> _Work instructions_: Transcribe, word for word, all of the entries below, and exclude any pictures from the copy.

═══ Record extracts

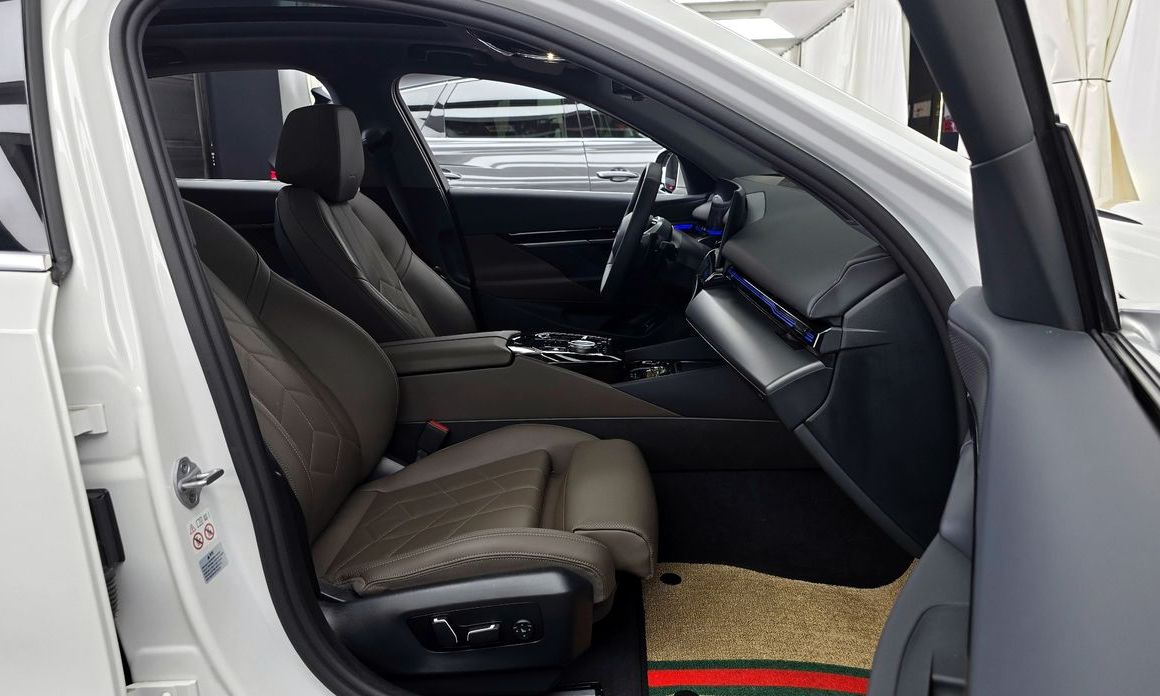 BMW 5-Series 2024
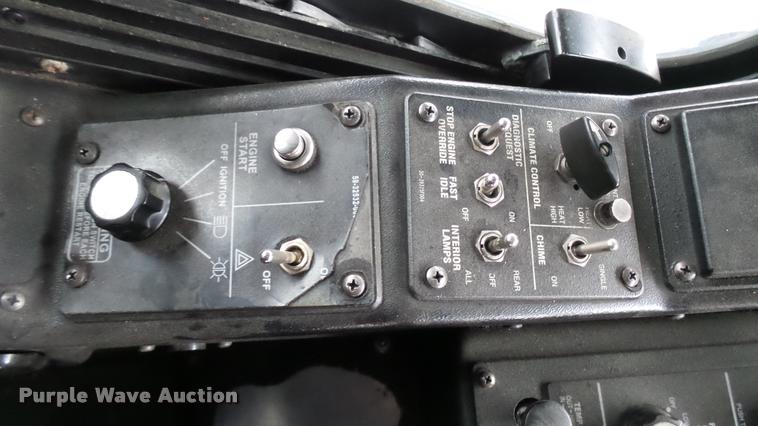 image for item DA7755 2002 Gillig G20B096N4 transit bus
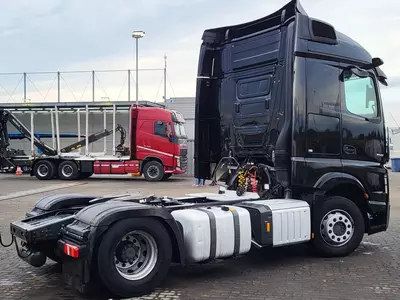 Тягач Mercedes Actros 1942 4X2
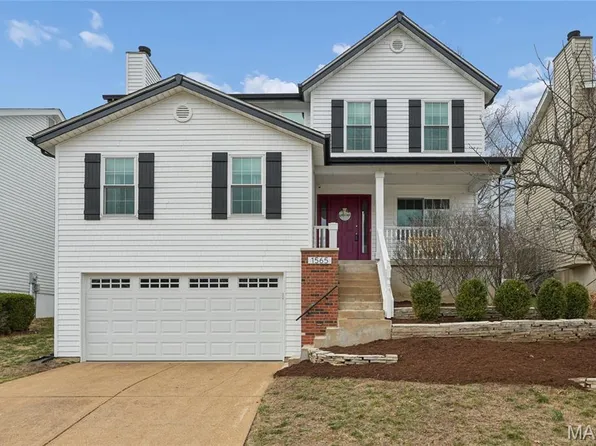 1565 Glenn Brooke Woods Cir, Ballwin, MO 63021
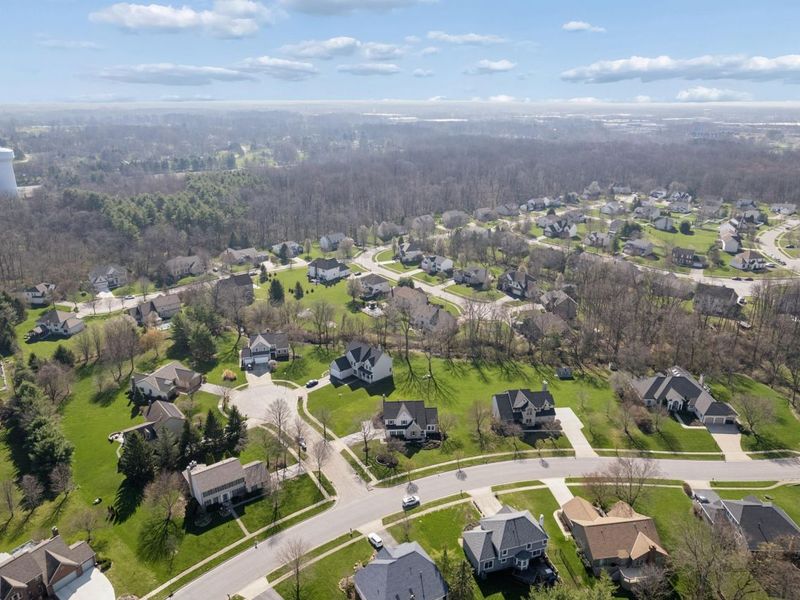 242 Farm Creek Drive, Columbus, OH 43230 Photo 67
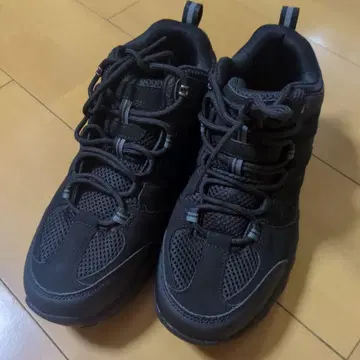 블랙 하이컷 아웃도어 신발 25cm
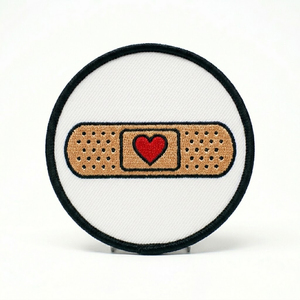 En gros, Patch brodé personnalisé en forme de cœur, style Emo, thermocollant, pour vestes et accessoires vestimentaires - Product Image 1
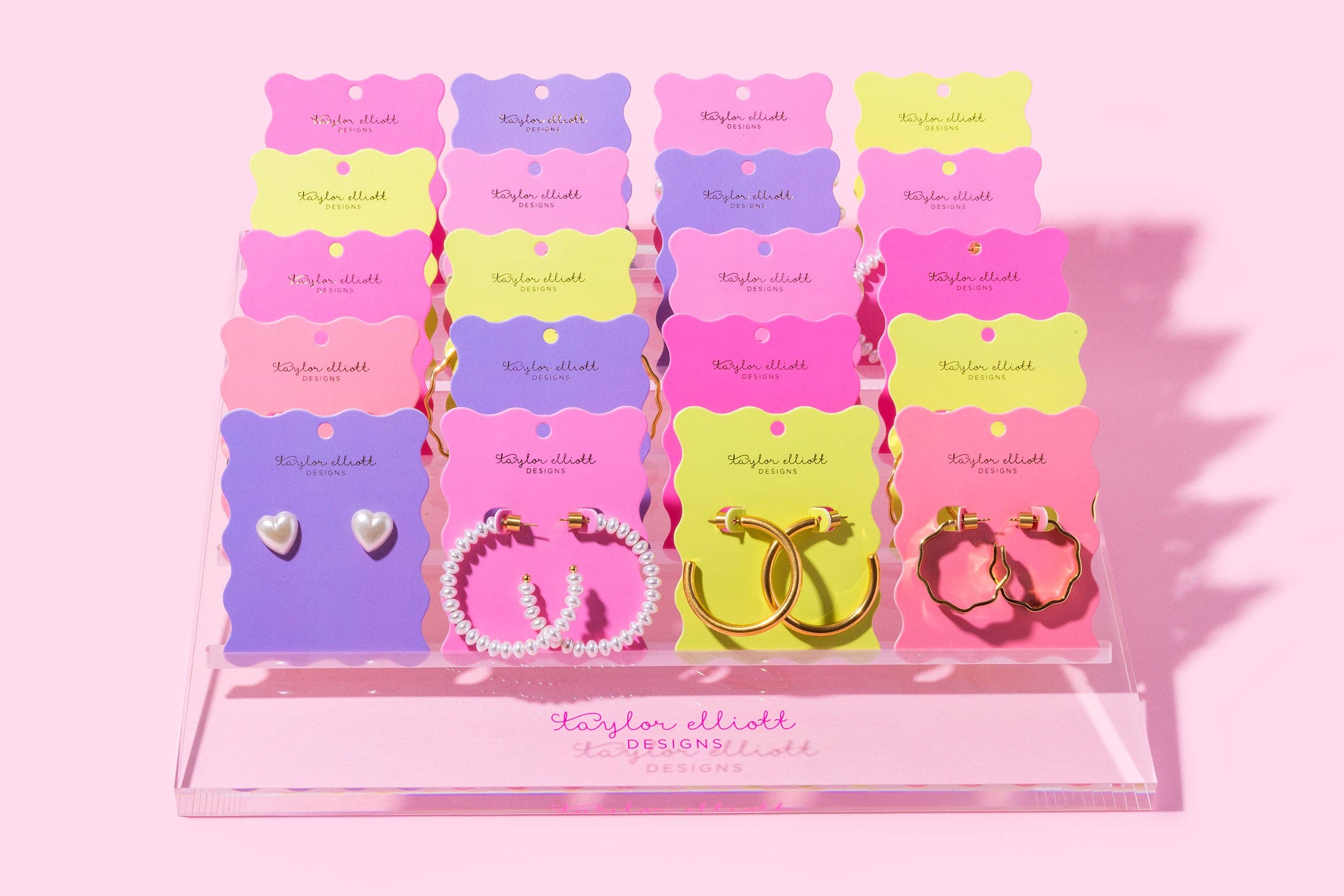 Taylor Elliott Designs - Vente Créoles - Boucles d'oreilles créoles ondulées Cassie Grandes - Min. 2 (E-08)2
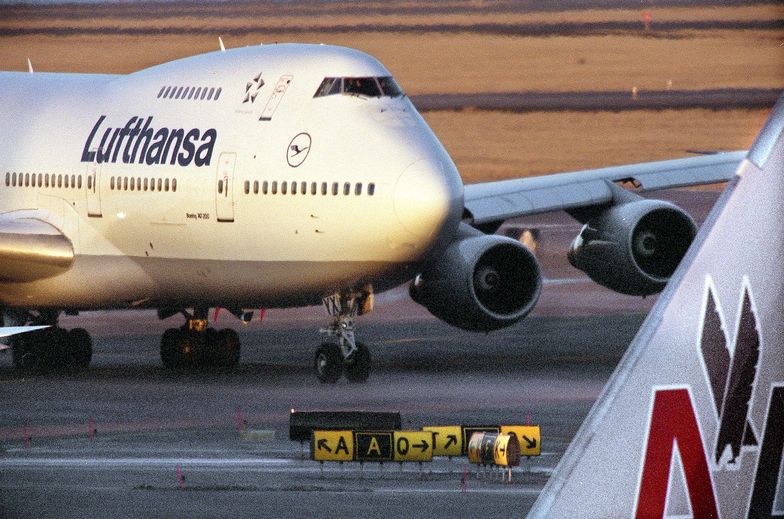 Lufthansa wykluczyła z rejsu grupę ortodoksyjnych Żydów. Teraz przeprasza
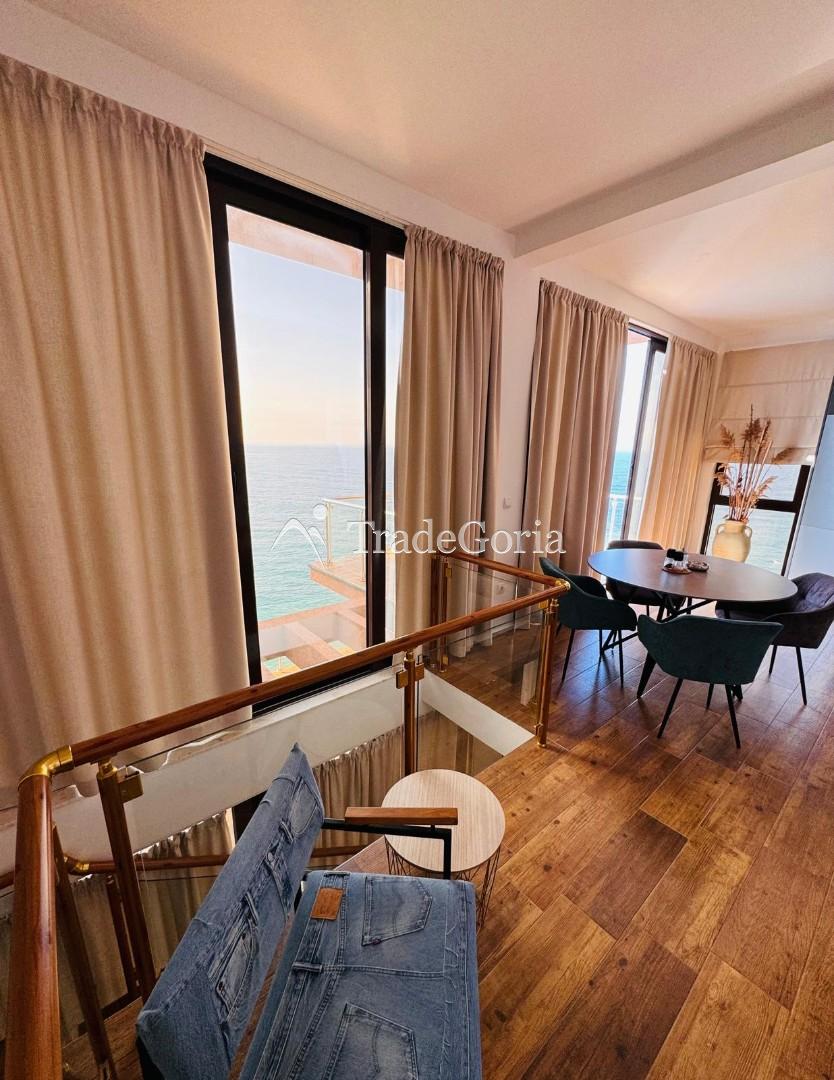 Vila na prvom redu do plaže sa privatnom plažom i bazenom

══════

> _Output below_:
 BMW 5-Series 2024
 image for item DA7755 2002 Gillig G20B096N4 transit bus
 Тягач Mercedes Actros 1942 4X2
 1565 Glenn Brooke Woods Cir, Ballwin, MO 63021
 242 Farm Creek Drive, Columbus, OH 43230 Photo 67
 블랙 하이컷 아웃도어 신발 25cm
 En gros, Patch brodé personnalisé en forme de cœur, style Emo, thermocollant, pour vestes et accessoires vestimentaires - Product Image 1
 Taylor Elliott Designs - Vente Créoles - Boucles d'oreilles créoles ondulées Cassie Grandes - Min. 2 (E-08)2
 Lufthansa wykluczyła z rejsu grupę ortodoksyjnych Żydów. Teraz przeprasza
 Vila na prvom redu do plaže sa privatnom plažom i bazenom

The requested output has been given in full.